If your security foundations are sound, businesses should not be worried about potential mandatory data breach-notification legislation, according to NetIQ Identity, Security & Governance business manager Ian Yip.
Recent submissions in response to the discussion paper by the Attorney-General's Department for mandatory privacy/data breach-notification have stated that many organisations would.
Parties such as the Law Council of Australia worry that the consequences of existing amendments to the Privacy Act, which are now set to come into effect in March next year, are yet to be fully seen, and that launching into the debate now could be premature.
But when speaking to ZDNet, Yip said that this is merely an excuse not to spend any money on security, given that businesses should already be prepared.
"No matter what the decision is on what the Privacy Commissioner decides to do, how the cloud market moves, what mobility means in two years, if the foundational security is there, then you're a lot more agile as a company or organisation to be able to react to whatever the trend happens to be at the time."
He said that businesses should not be given the benefit of being able to say it wasn't mandated, or that they were waiting for changes to happen.
He also said that there needs to be better language about any data breach-notification legislation. While the Privacy Act is principles based at the moment, Yip said that any new legislation specific to breach notification could benefit from a combination of principles and prescriptive language.
Yip suggested that a more prescriptive scheme would help define what actually constitutes a breach, and the necessary actions that should consequently be taken. However, he warned that principles-based values are needed to ensure that the new laws don't simply become yet another checklist.
He said the principles are necessary to ensure that organisations really know why they should care about their customers' privacy.
"If you delve down straight into 'here's a bunch of things I need to do', without knowing why you're doing it, that doesn't really work.
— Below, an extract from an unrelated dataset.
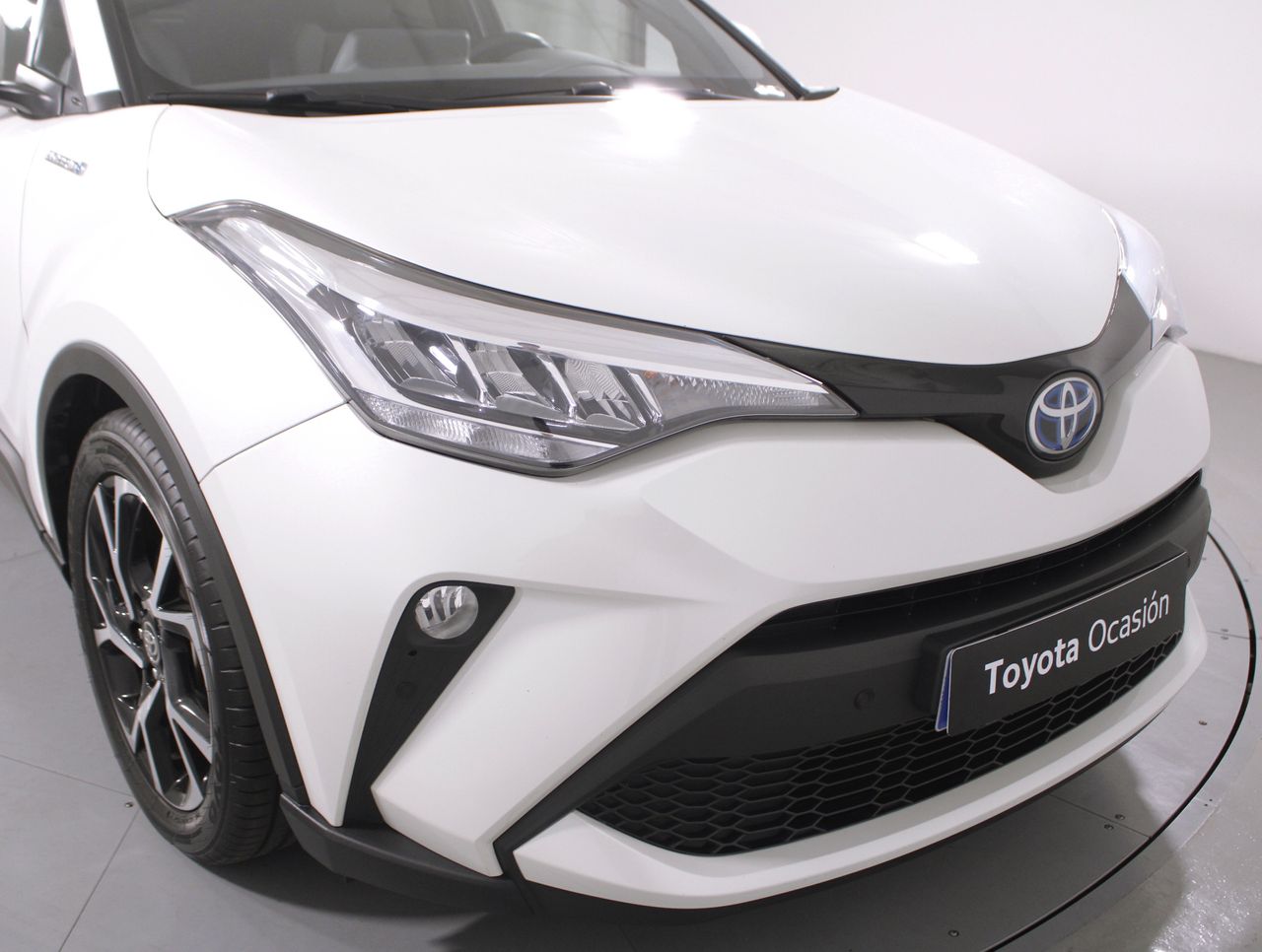 Foto Toyota C-HR 16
It's finding the right balance."
He also said that who should be examined when it comes to a data breach would be different to who is traditionally covered under the Privacy Act.
For example, the Privacy Act does not apply to companies that have an annual turnover of AU$3 million or less. Yet, small startups could harvest thousands of records containing personally identifiable information as part of its operations, whether it has a successful revenue model or not.
"Just because your company isn't big enough does not exclude you from being under the same rules and regulations that everybody else would be under, just because you can't pay the fine."